## What the task requires:
When you reach the line containing "9 Tibarri Court, Mooroolbark VIC 3138" in the entries below, please begin setting down lines exactly, stop only after the last one, and add nothing else.

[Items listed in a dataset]
^^^^^^^^^^^^^^^^

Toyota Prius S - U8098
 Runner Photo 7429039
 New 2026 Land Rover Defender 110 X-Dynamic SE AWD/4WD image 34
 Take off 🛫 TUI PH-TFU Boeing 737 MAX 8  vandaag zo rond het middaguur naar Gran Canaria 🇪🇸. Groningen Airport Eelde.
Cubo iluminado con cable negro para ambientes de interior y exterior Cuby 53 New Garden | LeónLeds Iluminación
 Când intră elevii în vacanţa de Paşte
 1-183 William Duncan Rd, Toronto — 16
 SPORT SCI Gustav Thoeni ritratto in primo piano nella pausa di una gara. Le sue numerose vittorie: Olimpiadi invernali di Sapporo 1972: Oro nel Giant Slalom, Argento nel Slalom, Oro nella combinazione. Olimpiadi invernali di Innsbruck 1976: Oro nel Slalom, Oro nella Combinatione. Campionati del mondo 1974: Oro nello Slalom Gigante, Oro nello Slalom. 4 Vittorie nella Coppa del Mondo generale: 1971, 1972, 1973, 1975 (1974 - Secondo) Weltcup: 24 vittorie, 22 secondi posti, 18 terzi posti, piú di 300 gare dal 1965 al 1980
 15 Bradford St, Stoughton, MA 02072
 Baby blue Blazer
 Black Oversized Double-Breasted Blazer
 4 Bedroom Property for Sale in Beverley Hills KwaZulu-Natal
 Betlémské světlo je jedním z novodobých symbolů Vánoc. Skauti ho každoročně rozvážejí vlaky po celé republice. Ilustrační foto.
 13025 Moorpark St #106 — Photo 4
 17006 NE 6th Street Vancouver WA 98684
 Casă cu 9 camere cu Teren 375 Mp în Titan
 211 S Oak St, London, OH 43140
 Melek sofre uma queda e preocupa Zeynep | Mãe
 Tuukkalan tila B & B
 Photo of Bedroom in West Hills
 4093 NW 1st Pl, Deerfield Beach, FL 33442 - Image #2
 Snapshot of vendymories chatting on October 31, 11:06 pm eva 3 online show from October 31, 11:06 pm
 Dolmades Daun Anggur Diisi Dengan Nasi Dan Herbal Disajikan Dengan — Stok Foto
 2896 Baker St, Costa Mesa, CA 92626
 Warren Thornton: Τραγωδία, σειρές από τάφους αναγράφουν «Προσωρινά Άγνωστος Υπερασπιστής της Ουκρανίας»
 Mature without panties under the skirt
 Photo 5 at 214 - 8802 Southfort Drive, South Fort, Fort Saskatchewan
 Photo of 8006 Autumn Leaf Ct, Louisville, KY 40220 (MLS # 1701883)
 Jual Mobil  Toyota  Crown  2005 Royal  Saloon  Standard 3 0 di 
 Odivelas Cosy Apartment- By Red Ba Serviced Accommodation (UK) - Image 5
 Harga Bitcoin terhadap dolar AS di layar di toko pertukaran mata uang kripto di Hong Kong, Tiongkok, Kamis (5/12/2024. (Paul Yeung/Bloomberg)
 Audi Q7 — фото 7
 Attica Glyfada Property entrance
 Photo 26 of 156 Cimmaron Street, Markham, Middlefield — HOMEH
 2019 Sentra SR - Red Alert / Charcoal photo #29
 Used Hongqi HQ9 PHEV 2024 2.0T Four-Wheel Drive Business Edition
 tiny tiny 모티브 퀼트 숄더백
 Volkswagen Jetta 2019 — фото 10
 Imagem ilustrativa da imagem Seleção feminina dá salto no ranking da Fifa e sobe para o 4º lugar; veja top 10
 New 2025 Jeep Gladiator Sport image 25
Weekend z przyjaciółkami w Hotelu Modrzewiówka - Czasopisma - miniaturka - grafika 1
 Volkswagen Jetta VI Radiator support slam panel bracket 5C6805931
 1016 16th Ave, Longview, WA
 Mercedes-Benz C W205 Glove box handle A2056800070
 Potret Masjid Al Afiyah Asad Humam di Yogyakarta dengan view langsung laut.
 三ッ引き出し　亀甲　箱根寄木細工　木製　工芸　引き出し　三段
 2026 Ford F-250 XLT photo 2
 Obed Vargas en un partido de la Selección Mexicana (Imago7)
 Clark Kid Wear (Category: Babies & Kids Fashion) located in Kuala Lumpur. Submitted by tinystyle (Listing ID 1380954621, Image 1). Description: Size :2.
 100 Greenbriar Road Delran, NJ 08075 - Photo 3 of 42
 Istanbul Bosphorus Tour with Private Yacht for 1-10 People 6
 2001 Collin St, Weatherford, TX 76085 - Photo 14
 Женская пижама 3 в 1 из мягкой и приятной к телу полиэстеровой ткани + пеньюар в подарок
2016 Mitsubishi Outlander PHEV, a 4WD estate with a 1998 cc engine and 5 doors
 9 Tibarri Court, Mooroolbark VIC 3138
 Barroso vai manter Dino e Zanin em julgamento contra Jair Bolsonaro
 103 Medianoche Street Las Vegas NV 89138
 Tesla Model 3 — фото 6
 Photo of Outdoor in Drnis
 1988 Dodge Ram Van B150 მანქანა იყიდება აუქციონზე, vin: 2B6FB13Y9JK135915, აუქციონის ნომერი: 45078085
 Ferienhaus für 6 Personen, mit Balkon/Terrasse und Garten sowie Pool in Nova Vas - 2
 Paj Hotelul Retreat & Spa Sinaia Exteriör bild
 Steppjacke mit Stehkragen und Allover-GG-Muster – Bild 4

^^^^^^^^^^^^^^^^

## Solution to the problem:
 9 Tibarri Court, Mooroolbark VIC 3138
 Barroso vai manter Dino e Zanin em julgamento contra Jair Bolsonaro
 103 Medianoche Street Las Vegas NV 89138
 Tesla Model 3 — фото 6
 Photo of Outdoor in Drnis
 1988 Dodge Ram Van B150 მანქანა იყიდება აუქციონზე, vin: 2B6FB13Y9JK135915, აუქციონის ნომერი: 45078085
 Ferienhaus für 6 Personen, mit Balkon/Terrasse und Garten sowie Pool in Nova Vas - 2
 Paj Hotelul Retreat & Spa Sinaia Exteriör bild
 Steppjacke mit Stehkragen und Allover-GG-Muster – Bild 4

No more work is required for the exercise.